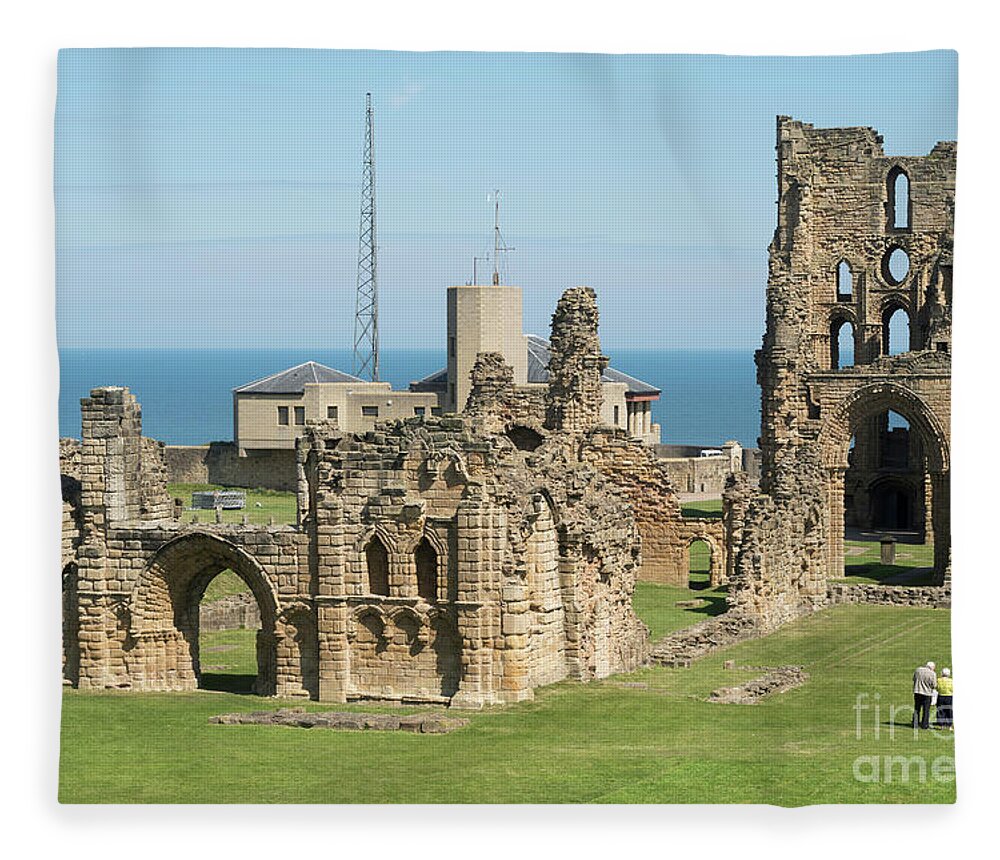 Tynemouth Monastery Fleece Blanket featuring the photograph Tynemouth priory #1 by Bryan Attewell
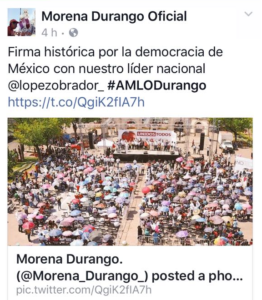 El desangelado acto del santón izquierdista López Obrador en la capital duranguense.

--

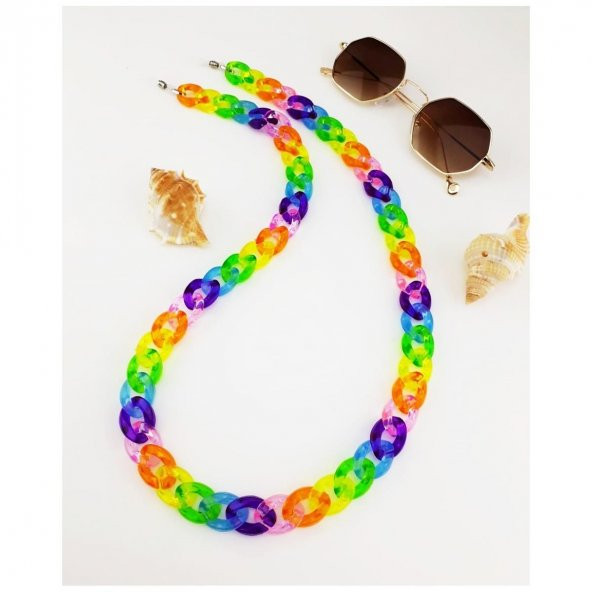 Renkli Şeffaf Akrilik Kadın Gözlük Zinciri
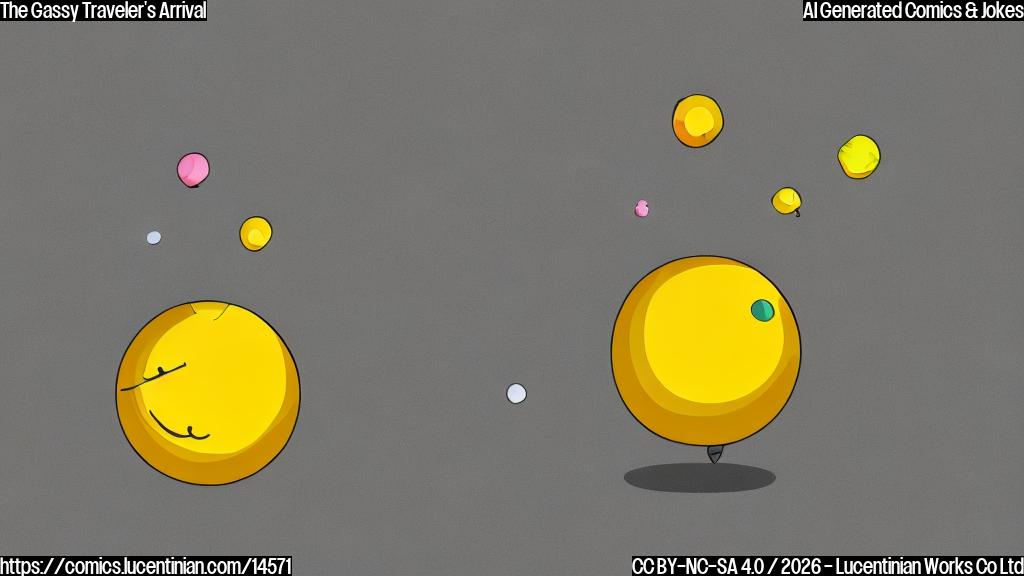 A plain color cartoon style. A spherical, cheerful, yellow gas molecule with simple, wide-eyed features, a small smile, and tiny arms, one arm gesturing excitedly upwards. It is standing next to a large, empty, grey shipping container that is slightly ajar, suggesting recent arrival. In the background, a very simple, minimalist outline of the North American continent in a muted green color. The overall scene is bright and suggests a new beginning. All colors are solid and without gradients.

...

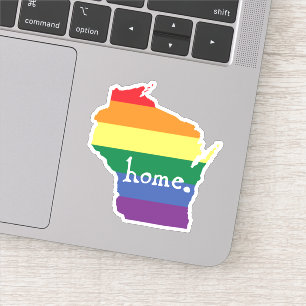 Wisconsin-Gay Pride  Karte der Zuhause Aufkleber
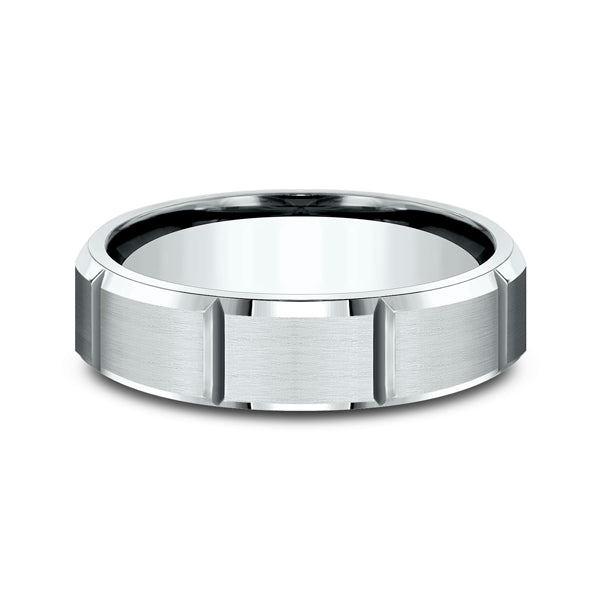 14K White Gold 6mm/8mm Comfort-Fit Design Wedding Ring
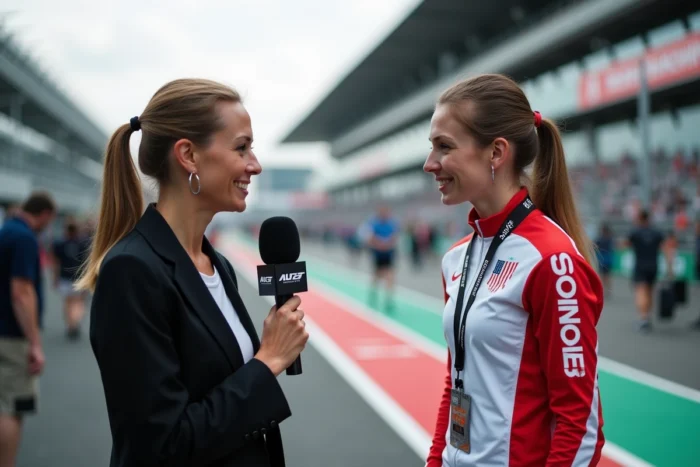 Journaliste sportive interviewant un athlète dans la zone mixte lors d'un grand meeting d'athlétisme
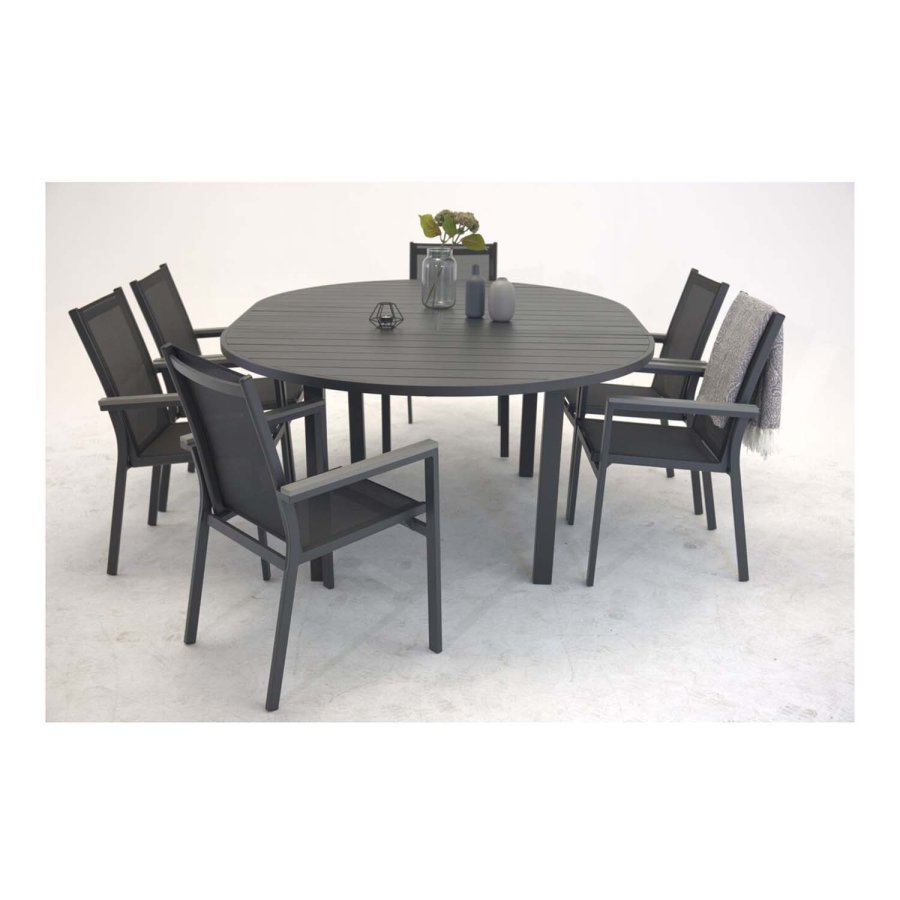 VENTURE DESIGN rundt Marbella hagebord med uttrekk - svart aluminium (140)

### Exercise requirements
For this task, return exactly the stretch of the listing above from the line with "Tynemouth Monastery Fleece" through the line with "El desangelado acto", inclusive and without pictures.

### Output below
 Tynemouth Monastery Fleece Blanket featuring the photograph Tynemouth priory #1 by Bryan Attewell
 El desangelado acto del santón izquierdista López Obrador en la capital duranguense.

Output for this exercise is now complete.